Les caractéristiques solaires et thermiques des vitrages influencent significativement les performances énergétiques des façades.
Ce comportement est matérialisé par le coefficient « BBIO » (Besoin Bioclimatique de la réglementation thermique « RT 2012).

 

Trois composantes déterminent le coefficient BBIO et les besoins bioclimatiques d’une façade :
 

- le chauffage : les besoins en chauffage dépendent de la déperdition thermique des vitrages (perte d’énergie) qui peut être partiellement compensée par les apports solaires (gain en énergie proportionnel à leur facteur solaire) ;

 

- la climatisation : le besoin en refroidissement du bâtiment varie selon l’inverse du facteur solaire (un faible facteur solaire diminue les besoins en refroidissement) ;

 

- l’éclairage : le besoin en éclairage est inversement proportionnel à la transmission lumineuse.

 

Le choix du vitrage adapté s’effectue selon la géométrie et la localisation géographique du bâtiment, la taille des vitrages et leur orientation.

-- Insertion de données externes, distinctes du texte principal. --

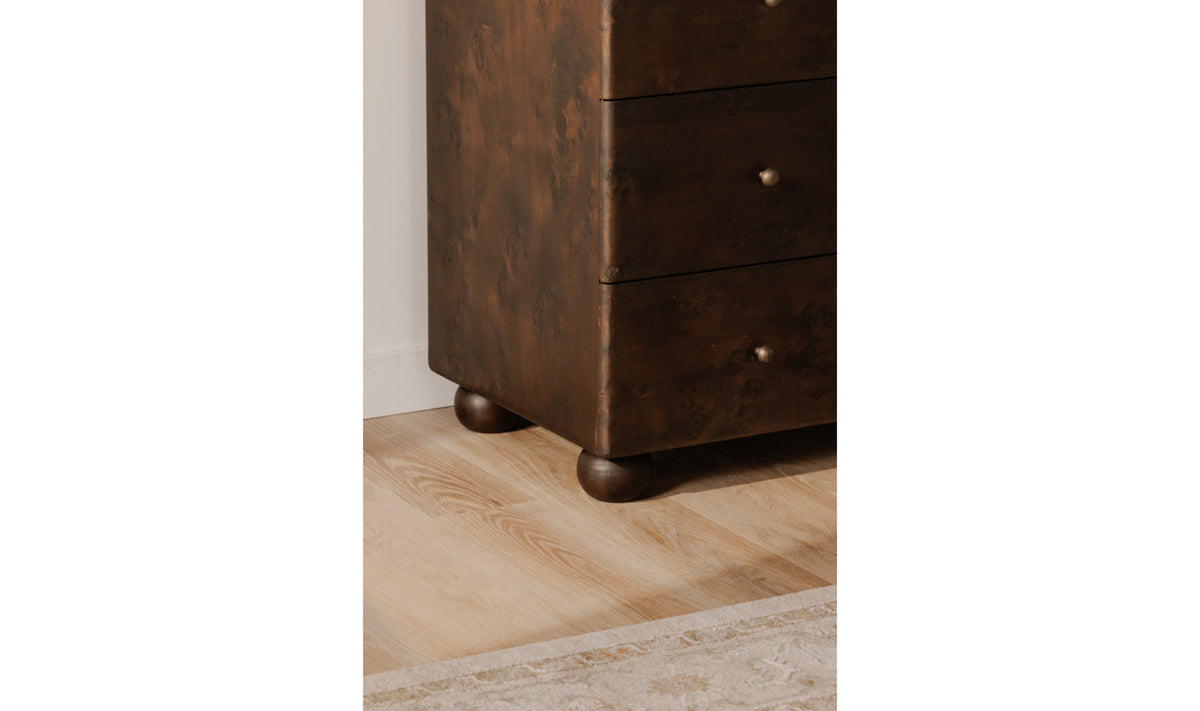 York 3 Drawer Nightstand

La simulation d’efficacité énergétique permet de déterminer les vitrages optimaux en minimisant la somme des trois types de consommation d’énergie.

Le graphique, ci-dessous, montre un exemple de choix de vitrage dans une situation donnée : dans ce cas spécifique le vitrage N° 4 serait le plus efficace.

 

 

 

 

Dépendant de l’usage (bureau, école, musée) et de la localisation des bâtiments on recherchera des vitrages à facteur solaire bas ou élevé.

 

On peut distinguer deux catégories de vitrages :
- Les vitrages qui transmettent un maximum d’énergie solaire pour participer au chauffage des bâtiments ;
- Les vitrages qui transmettent un maximum de lumière avec le moins d’énergie possible.

 

 

 

 

La performance de ces deux types de vitrages peut être évaluée en les  positionnant dans un plan repéré par 2 axes :

 

1. la transmission lumineuse,

2. la transmission d’énergie (facteur solaire).

 

Vitrage « Capteur d’énergie » :
Plus les coordonnées d’un vitrage sont éloignées de l’origine des axes, plus il capte la lumière et l’énergie solaire.

 

Vitrage sélectif :
Compte tenu des caractéristiques du rayonnement solaire à la surface de la Terre, il existe une limite physique entre la transmission maximale de lumière et la transmission minimale d’énergie d’un vitrage.

 

La valeur limite de ce ratio (transmission lumineuse (TL) divisé  par facteur solaire (FS), également appelée « sélectivité » est un peu supérieure à 2.

Ainsi un vitrage dont les coordonnées sont proches de la diagonale matérialisant cette valeur limite TL/FS = 2, présente une caractéristique optimale de sélectivité : il laisse entrer un maximum de lumière et réfléchit un maximum d’énergie solaire.